By THEOCEANROAMER on Wednesday, 04 August 2021
Category: OCEAN STORIES

Ahoy, Humans, Do Not Tempt The Cruel Gods Of The Sea

John Singleton Copley / Via Public Domain,nga.gov

Watson and the Shark, 1778

I am mortal, flesh and bone, and I live only at the pleasure and mercy of the natural world. I am fully aware of how humankind has worked for tens of thousands of years to manipulate and reshape nature and how, time and time again, nature has rejected this. I exist today enjoying the full bounty of that so-called progress. I sit in an air-conditioned room with clean water to drink on command, in a former forest whose trees were felled by iron saws and blades forged over centuries of humanity’s advancements in technology. I do not have hubris from my ancestors’ accomplishments; I am keenly aware of how many times throughout history nature has laughed at our feeble attempts to survive on this blue marble — the floods, wildfires, and storms that have wiped out towns and civilizations. I am filled with dread when I think of how we are provoking further disasters with our climate bacchanal, how we are living on borrowed time during which nature will claim many more lives in the near future.

 "You should not fuck with the ocean." 

Most of all, I know as a puny human being, a speck of dust who means nothing to the cold, dark waters, that you should not fuck with the ocean.
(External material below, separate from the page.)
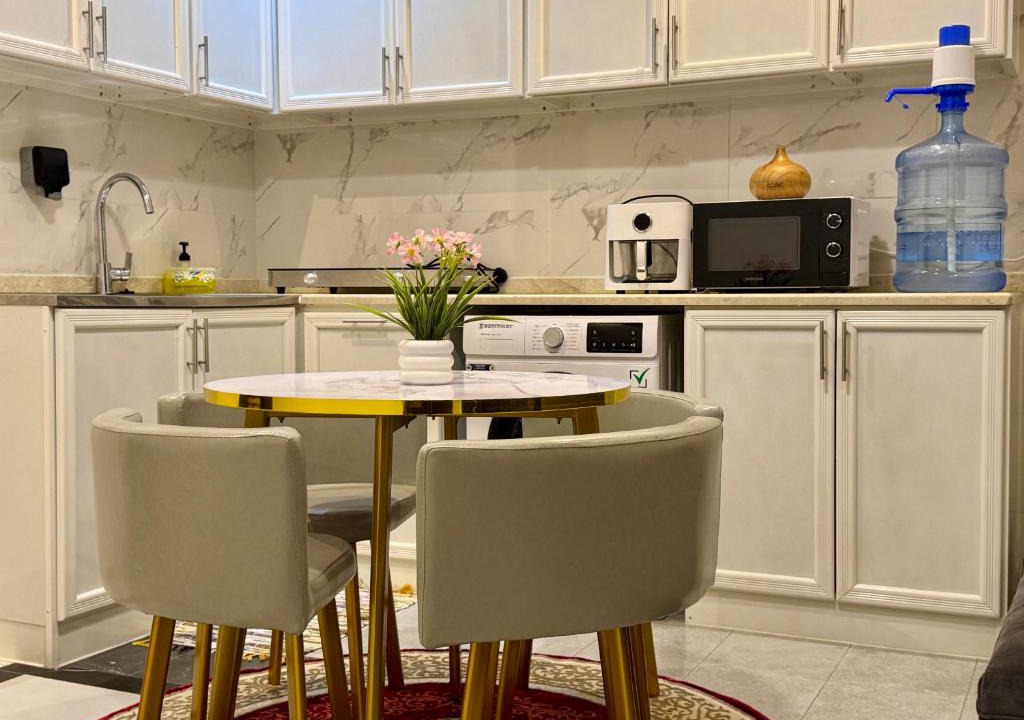 Abu Dhabi Apartment | Entire 2-Bedroom Apartment near Abu Dhabi Airport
Which is why I am obsessed with the TikTok account that just posts videos of speedboats wiping out while going through a Miami Beach inlet.

The first TikTok I saw was this one. Over a clip of Lady Gaga’s “Bad Romance,” a man dives from the back of his boat in high waves and a woman in a bikini is thrown off the side as the vessel plunges its bow into the water.

This is terrifying. This is playing chicken with Mother Nature and losing. (They’re fine; a longer clip shows those who went overboard getting picked up by friendly people on Jet Skis.)

Baker’s Haulover Inlet (locally known as just Haulover Inlet) is an artificial channel at the north end of Miami Beach, connecting Biscayne Bay to the ocean. It can have rough waters, especially when a strong tide going out meets incoming waves from the ocean, creating big waves and a strong current. Choppy though the waves may be, ship captains regularly crash through the channel in their million-dollar pleasure craft, sending the occasional boater flying into the chop. Splash. (I hope you sprung for the optional insurance policy, Odysseus.)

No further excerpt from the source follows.